--- Data provided Enclosed Below ---

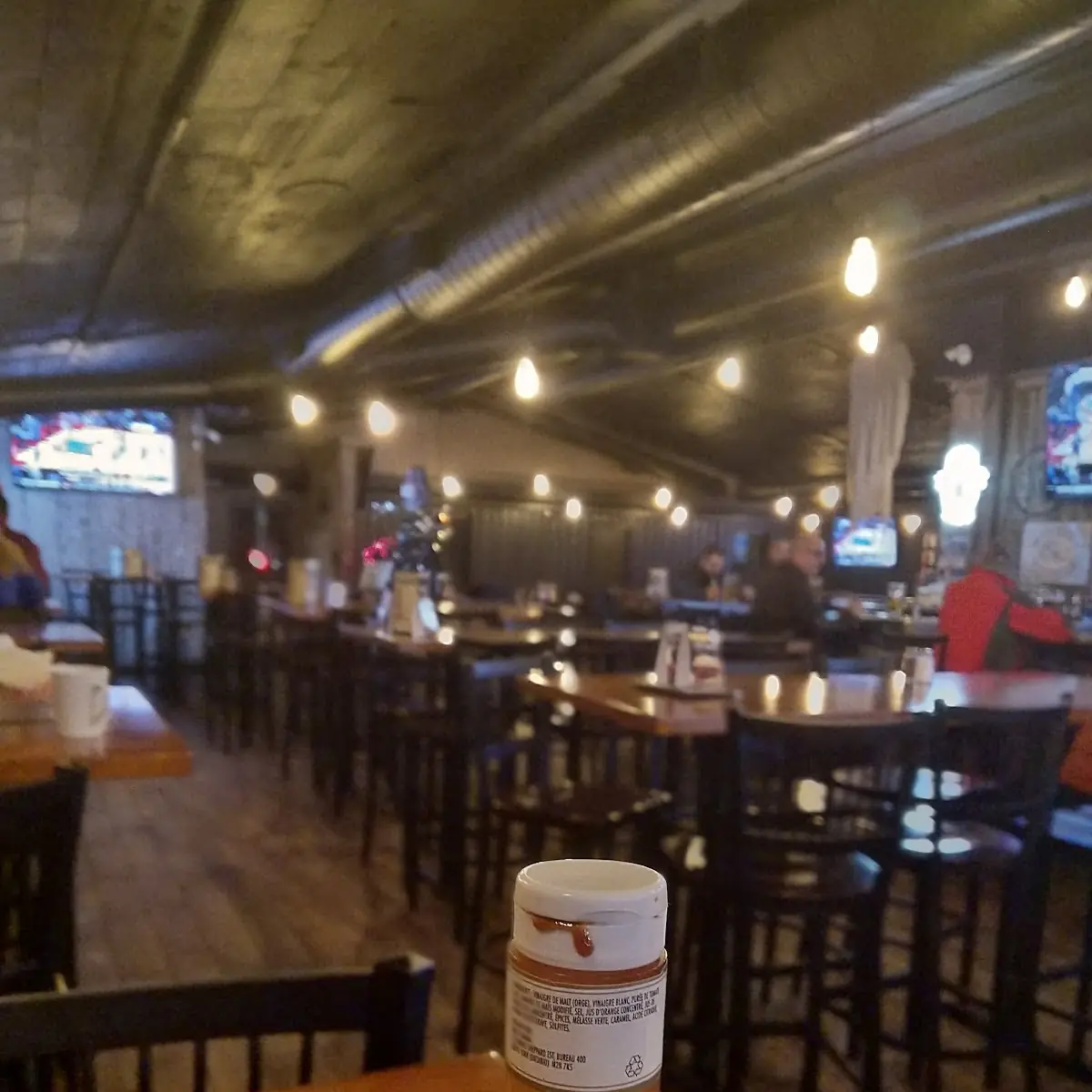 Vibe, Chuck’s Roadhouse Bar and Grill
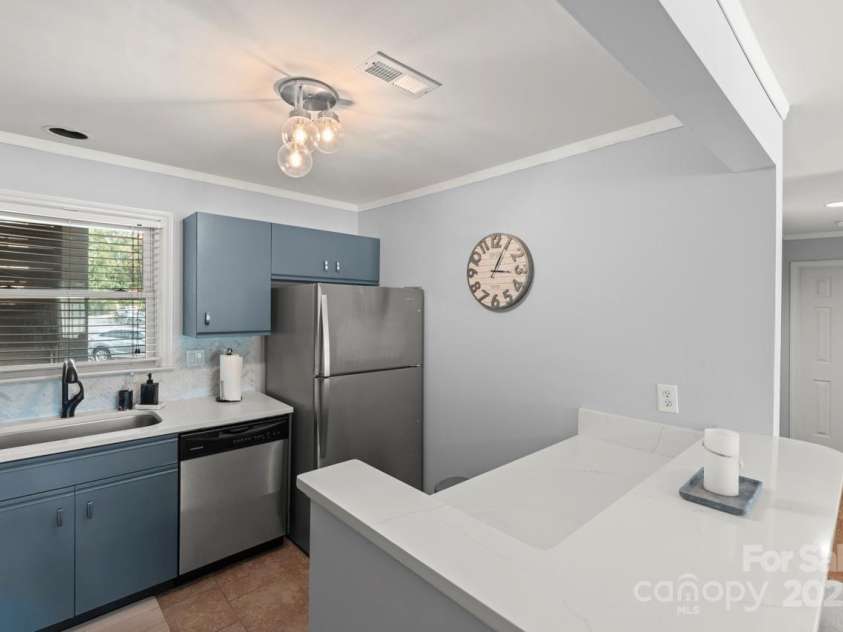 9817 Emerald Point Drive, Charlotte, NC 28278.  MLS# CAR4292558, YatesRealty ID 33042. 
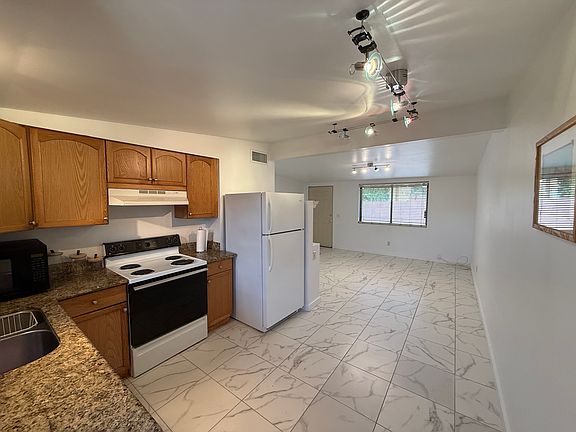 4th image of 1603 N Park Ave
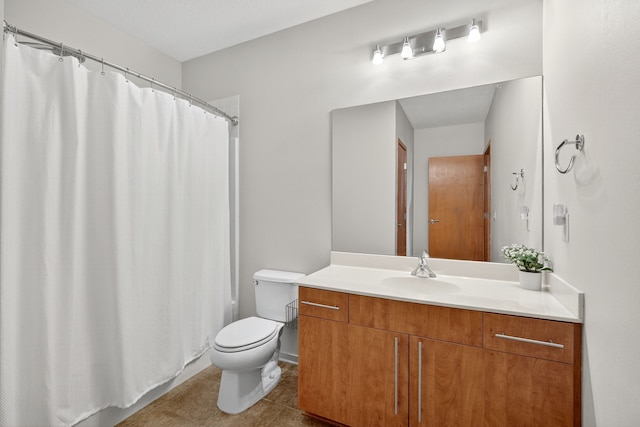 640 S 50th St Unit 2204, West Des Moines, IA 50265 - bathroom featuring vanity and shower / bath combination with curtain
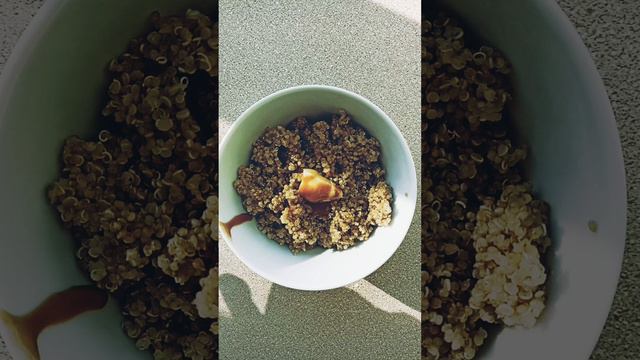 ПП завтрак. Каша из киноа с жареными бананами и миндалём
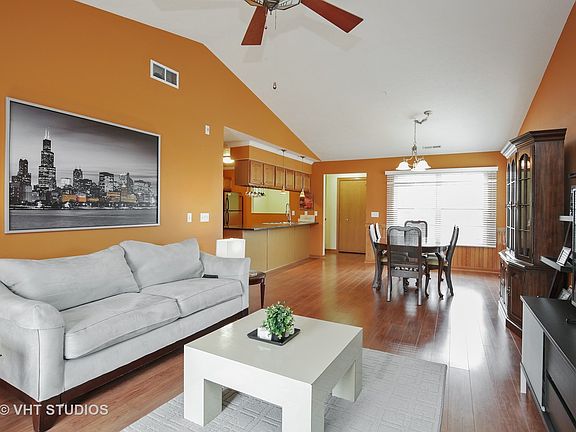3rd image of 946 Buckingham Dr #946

--- End of Enclosed Data provided ---
--- Data provided Enclosed Below ---

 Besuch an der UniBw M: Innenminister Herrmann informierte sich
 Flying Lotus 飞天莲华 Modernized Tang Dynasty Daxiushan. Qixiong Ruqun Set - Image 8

--- End of Enclosed Data provided ---

▶ **Task item**
All that is wanted is the lines above between the one containing "Vibe, Chuck’s Roadhouse Bar and Grill" and the one containing "3rd image of 946 Buckingham Dr #946", inclusive, restated word for word, with pictures omitted.

▶ **Answer space**
 Vibe, Chuck’s Roadhouse Bar and Grill
 9817 Emerald Point Drive, Charlotte, NC 28278.  MLS# CAR4292558, YatesRealty ID 33042. 
 4th image of 1603 N Park Ave
 640 S 50th St Unit 2204, West Des Moines, IA 50265 - bathroom featuring vanity and shower / bath combination with curtain
 ПП завтрак. Каша из киноа с жареными бананами и миндалём
3rd image of 946 Buckingham Dr #946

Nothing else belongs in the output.